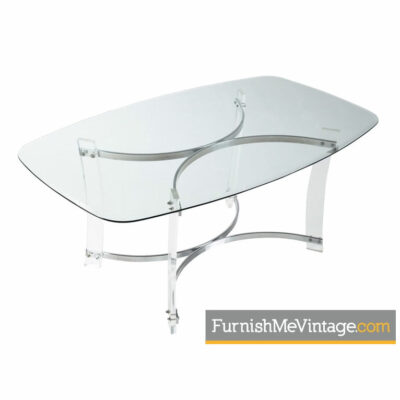 Acrylic Lucite Dining Table With Chrome Accents - Hollywood Regency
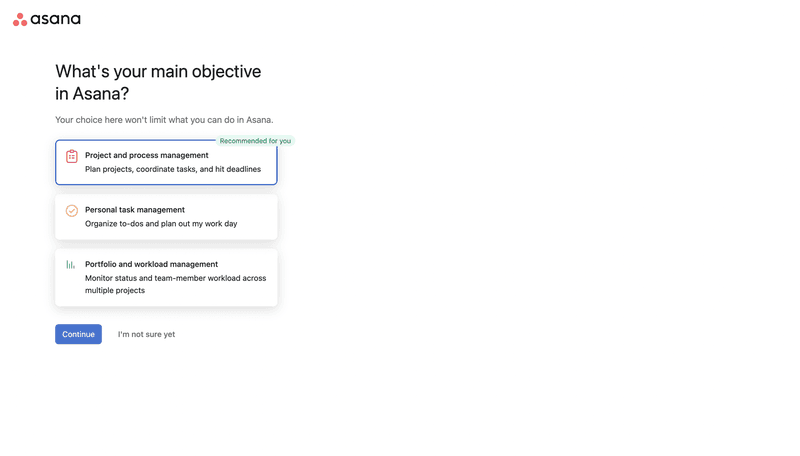 Asana welcome survey main objective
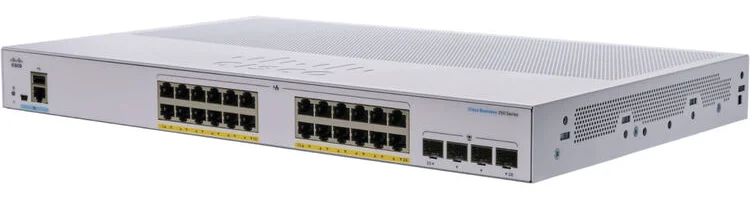 Switch Cisco CBS250-24FP-4G-EU với 24 cổng GE và 4 cổng Gigabit SFP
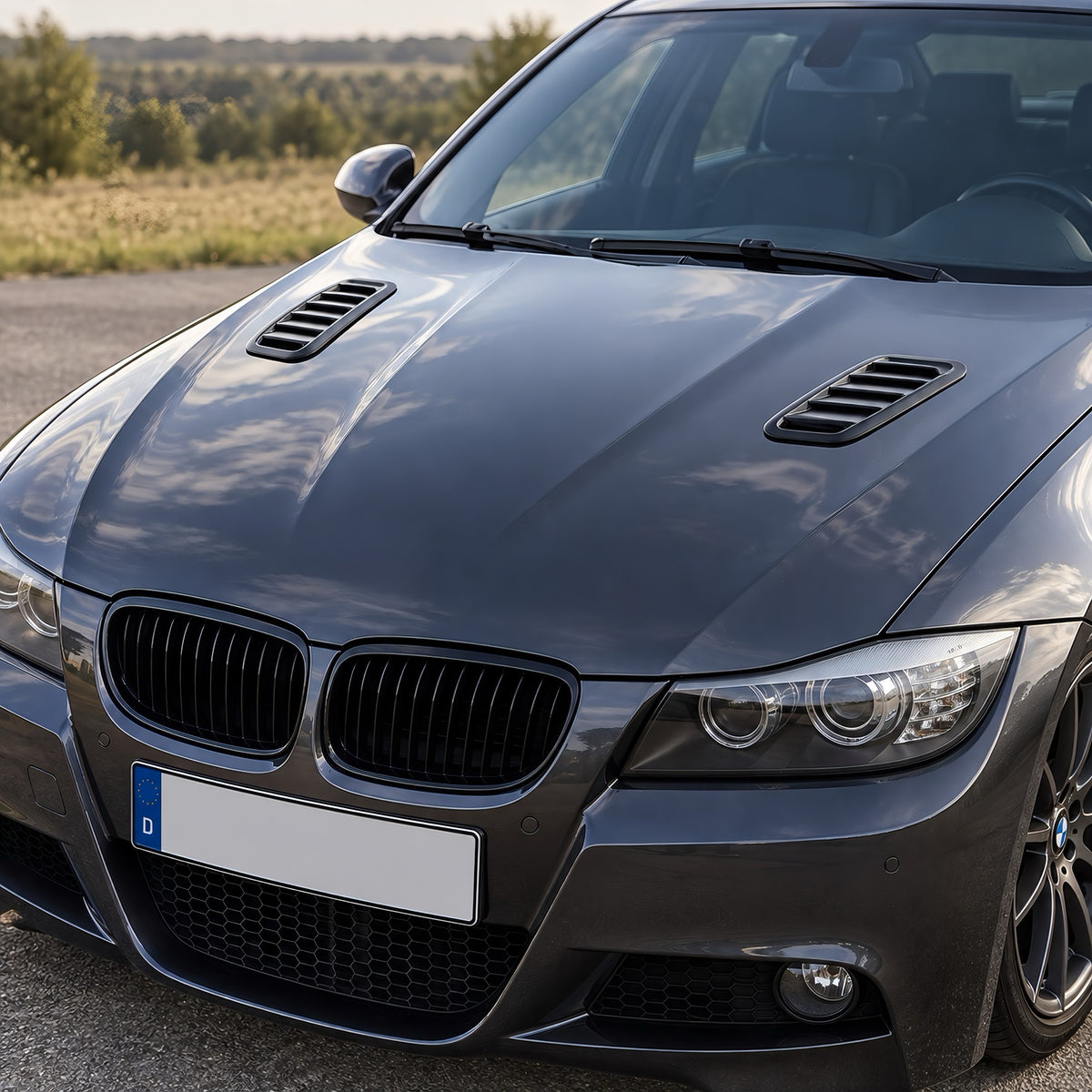 Lufteinlässe Motorhaube Cover universal passend für BMW E36 E39 E46 E60 E90 E91 E92 E93 E60 E61 F20 F21 F22 F30 F31 F32 F36 F10 F11 G20 G21 G30 – Schwarz Hochglanz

- **WHAT IS EXPECTED**
Apart from the pictures, all of the data should be repeated exactly.

- **RESULT**
 Acrylic Lucite Dining Table With Chrome Accents - Hollywood Regency
 Asana welcome survey main objective
 Switch Cisco CBS250-24FP-4G-EU với 24 cổng GE và 4 cổng Gigabit SFP
 Lufteinlässe Motorhaube Cover universal passend für BMW E36 E39 E46 E60 E90 E91 E92 E93 E60 E61 F20 F21 F22 F30 F31 F32 F36 F10 F11 G20 G21 G30 – Schwarz Hochglanz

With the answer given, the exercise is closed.